By Tom Quiner
Republican Congressman Chris Lee was caught sending shirtless photos of himself to someone who was not his wife.
The mainstream media (MSN) was all over the story. Mr. Lee resigned.
Republican Senator Larry Craig was arrested for lewd conduct in an airport restroom. The media gave the story extensive coverage. Senator Craig was pressured to “retire” at the end of his term the following year after facing ethics charges.
Republican Congressman Mark Foley was caught sending suggestive messages to an underage male page. The media covered the story extensively with 152 stories the first twelve days. Mr. Foley resigned.
Democrat Congressman Barney Frank consorted with a male prostitute who subsequently brought his clients back to Mr. Frank’s apartment.
The media went easy on him, as exemplified by this sympathetic reporting in Time Magazine:
“Frank can debate and speak extemporaneously better than almost anyone else in the House, and he tackles some of its more complex problems like immigration and housing.”
Mr. Frank not only did not resign, nor was he pressured to do so by his party, he is still in office today some twenty years later.
Democratic Congressman Gary Studds had a homosexual affair with an underage male subordinate.

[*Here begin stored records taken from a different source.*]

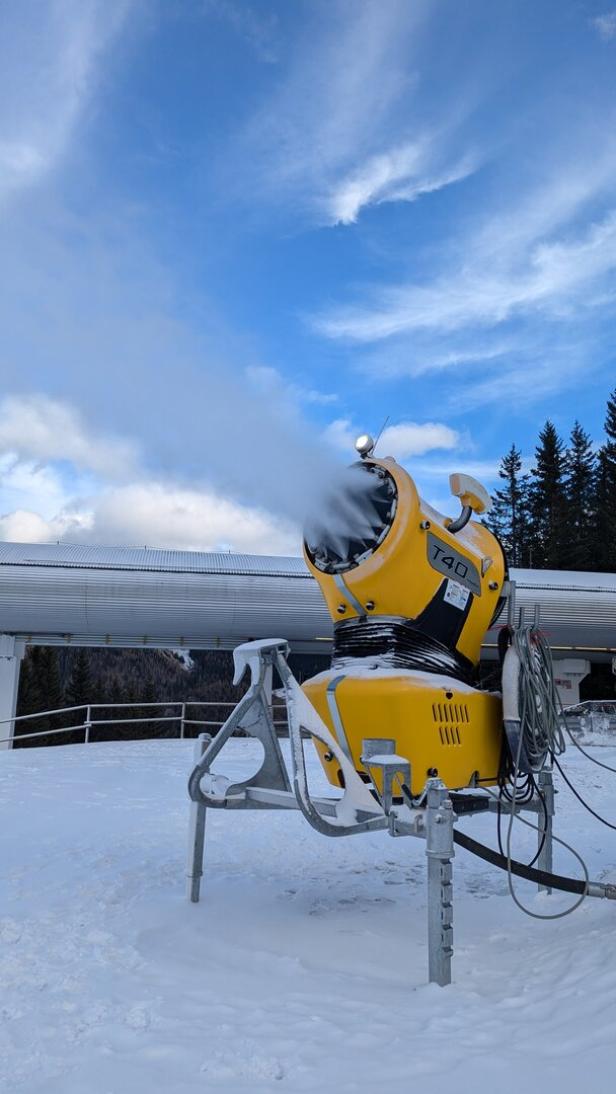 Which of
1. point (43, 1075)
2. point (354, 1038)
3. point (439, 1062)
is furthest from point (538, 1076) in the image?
point (43, 1075)

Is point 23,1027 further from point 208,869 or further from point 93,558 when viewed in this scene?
point 93,558

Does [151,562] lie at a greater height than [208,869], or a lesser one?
greater

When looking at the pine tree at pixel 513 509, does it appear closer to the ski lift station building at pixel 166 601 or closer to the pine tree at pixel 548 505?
the pine tree at pixel 548 505

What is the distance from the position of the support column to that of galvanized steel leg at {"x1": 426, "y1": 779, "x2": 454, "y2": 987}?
14.7m

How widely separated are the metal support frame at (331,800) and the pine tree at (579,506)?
1700 inches

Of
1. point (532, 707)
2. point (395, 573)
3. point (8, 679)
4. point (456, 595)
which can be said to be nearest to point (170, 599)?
point (8, 679)

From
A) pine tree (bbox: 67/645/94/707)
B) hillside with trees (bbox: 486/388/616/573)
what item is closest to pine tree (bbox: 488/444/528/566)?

He was not forced to resign and was subsequently re-elected to office five more times. The House voted to censure Mr. Studds, who showed his contempt for his colleagues by turning his back on them during the vote.

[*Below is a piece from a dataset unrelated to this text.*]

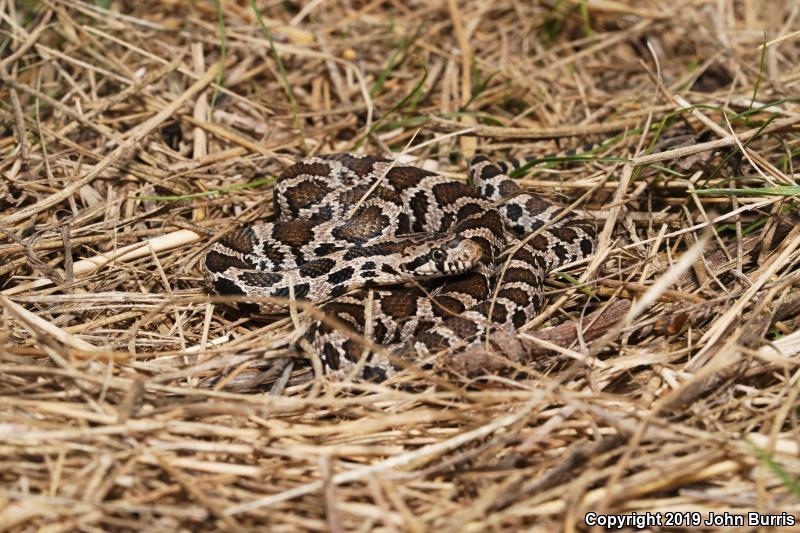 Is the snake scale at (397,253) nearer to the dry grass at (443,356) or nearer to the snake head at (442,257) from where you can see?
the snake head at (442,257)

Former Democratic Senator and presidential candidate, John Edwards, engaged in an illicit affair with a campaign worker, with whom he fathered a love child. The MSM chose not to cover the story until National Enquirer exposed the sordid details. The National Review Online’s reporter, Bryon York explains why:
“If news organizations had thrown a lot of resources at the story in an attempt to confirm (or disprove) the Enquirer’s allegations, it’s likely some of them would have come up with something in the two and a half weeks since the Enquirer reported the story on July 22. Instead, there has been nothing.

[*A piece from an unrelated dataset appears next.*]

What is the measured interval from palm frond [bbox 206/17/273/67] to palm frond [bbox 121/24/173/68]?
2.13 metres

Is that the result of a group sentiment among journalists? Or have they been under explicit orders not to mention the story? We’ve heard about one such directive, at the Los Angeles Times website. But there are probably others out there. In today’s news environment, executives have to take more explicit steps than in the past if they want to rein in stories. Journalists have multiple platforms; they might mention a story in a newspaper article, a web piece, in a blog, on video, on television, or on radio. For news executives to make sure the Edwards story does not appear on any of an organization’s several platforms, they have to make sure that tight controls are in place. The Edwards story is not invisible by accident.”
The reporters who wouldn’t go after the Edwards story were the same ones who did pursue a story (without merit) that Senator John McCain was having an affair with a beautiful lobbyist.
That leads us to the current scandal featuring Democratic Congressman Anthony Weiner. It took some digging by a conservative website to uncover Mr. Weiner’s indiscretions. Will Mr. Weiner be forced out?
History shows us that Democrats don’t get too worked up about this sort of thing, so he may be able to weather the storm. We know the MSM won’t go after him like they would a Republican.
If he were a Republican, he’d already be out the door.